#### [Aim of the exercise]
From the material below, return exactly the lines starting at the one that holds "Vestone to Rodengo-Saiano map" and ending at the one that holds "SUPCASE for iPhone". Pictures stay out of the answer.

--- Given entries Enclosed Below ---

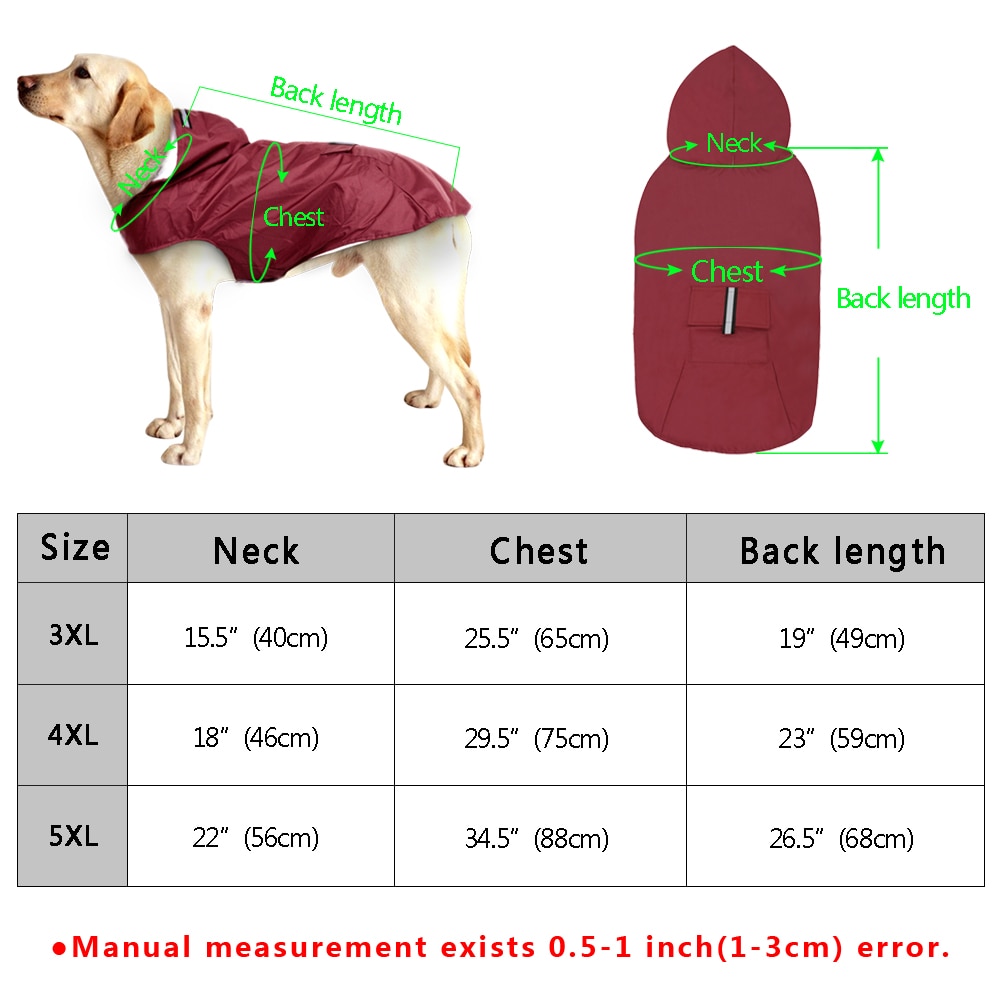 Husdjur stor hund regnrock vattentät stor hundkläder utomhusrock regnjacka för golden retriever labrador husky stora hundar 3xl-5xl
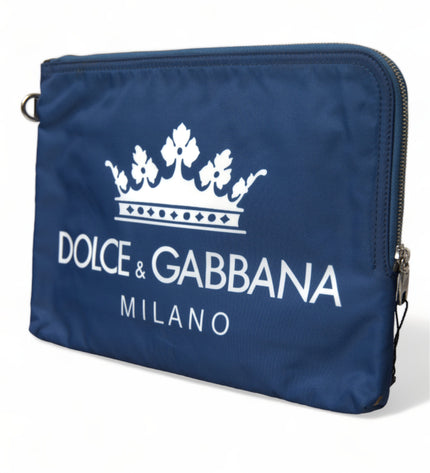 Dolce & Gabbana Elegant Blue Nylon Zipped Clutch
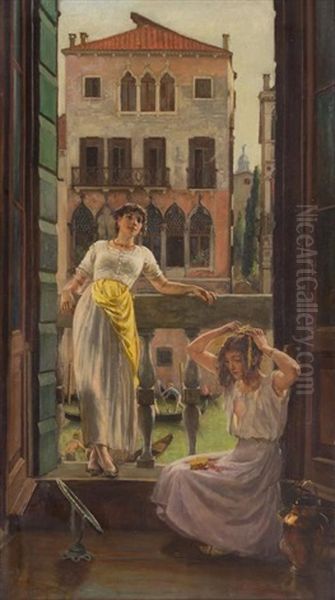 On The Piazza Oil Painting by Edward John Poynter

--- End of Enclosed Given entries ---
--- Given entries Enclosed Below ---

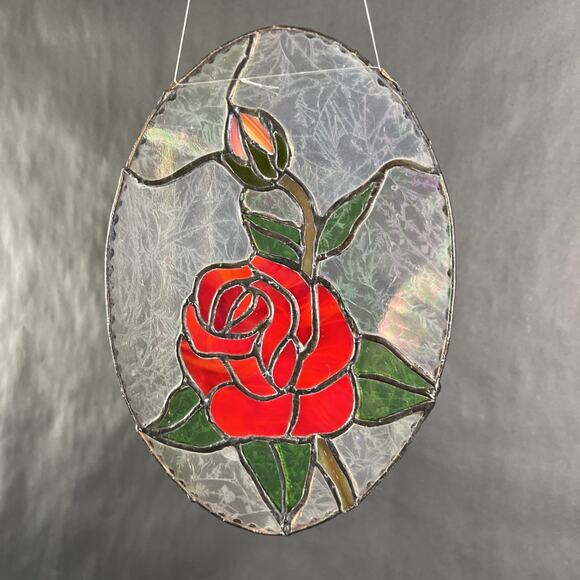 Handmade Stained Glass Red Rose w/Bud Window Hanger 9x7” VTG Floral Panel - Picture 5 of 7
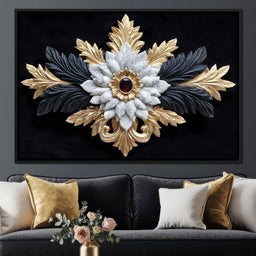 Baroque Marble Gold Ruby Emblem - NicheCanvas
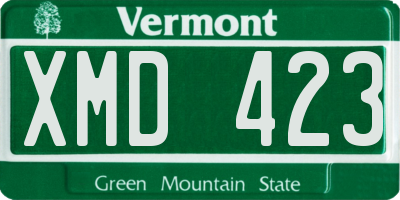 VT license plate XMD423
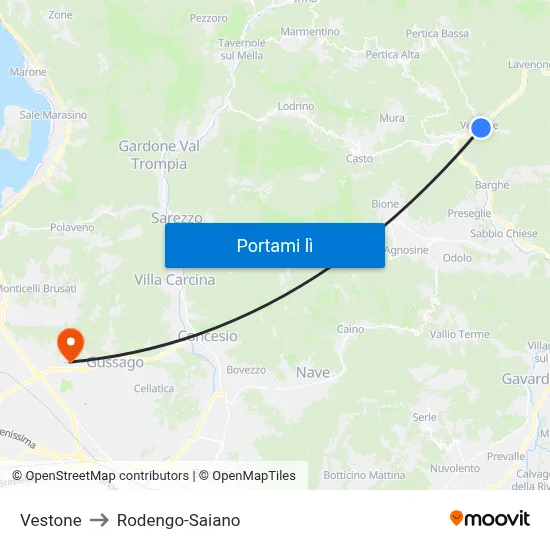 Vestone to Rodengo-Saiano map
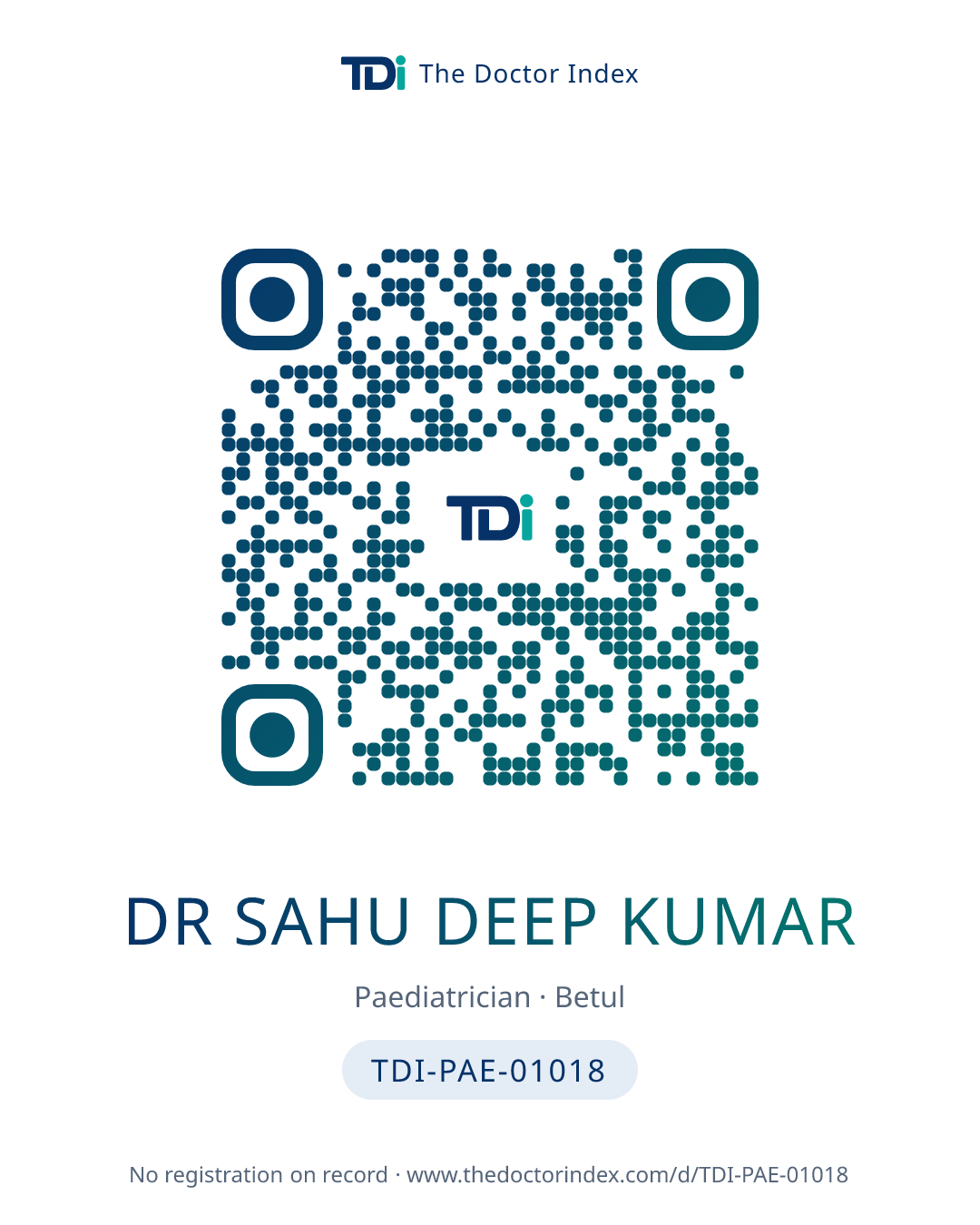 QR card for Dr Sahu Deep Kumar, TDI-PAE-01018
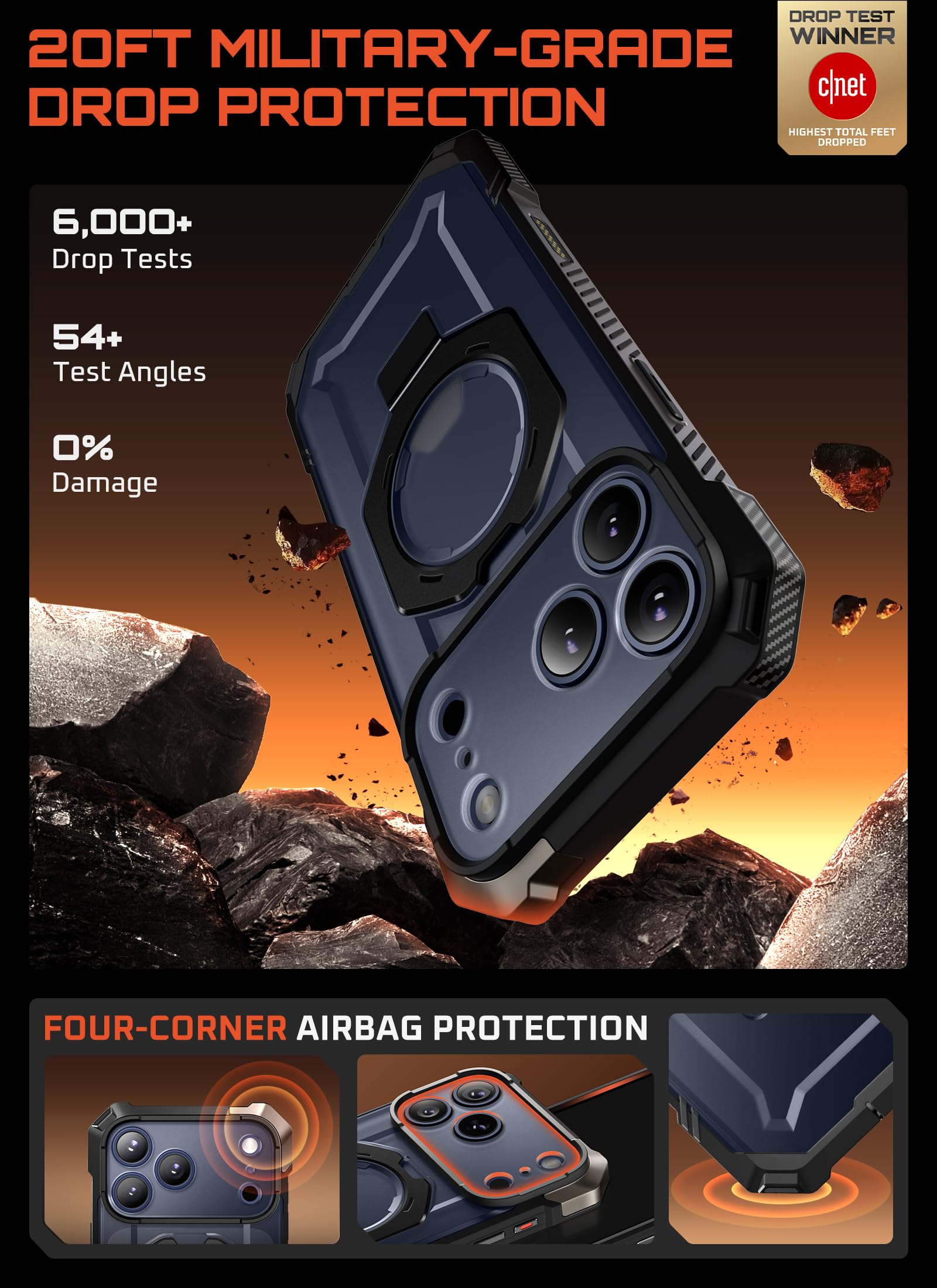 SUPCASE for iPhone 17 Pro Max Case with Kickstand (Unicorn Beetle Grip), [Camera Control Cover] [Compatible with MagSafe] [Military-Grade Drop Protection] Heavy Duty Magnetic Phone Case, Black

--- End of Enclosed Given entries ---

#### [Answer section]
 Vestone to Rodengo-Saiano map
 QR card for Dr Sahu Deep Kumar, TDI-PAE-01018
 SUPCASE for iPhone 17 Pro Max Case with Kickstand (Unicorn Beetle Grip), [Camera Control Cover] [Compatible with MagSafe] [Military-Grade Drop Protection] Heavy Duty Magnetic Phone Case, Black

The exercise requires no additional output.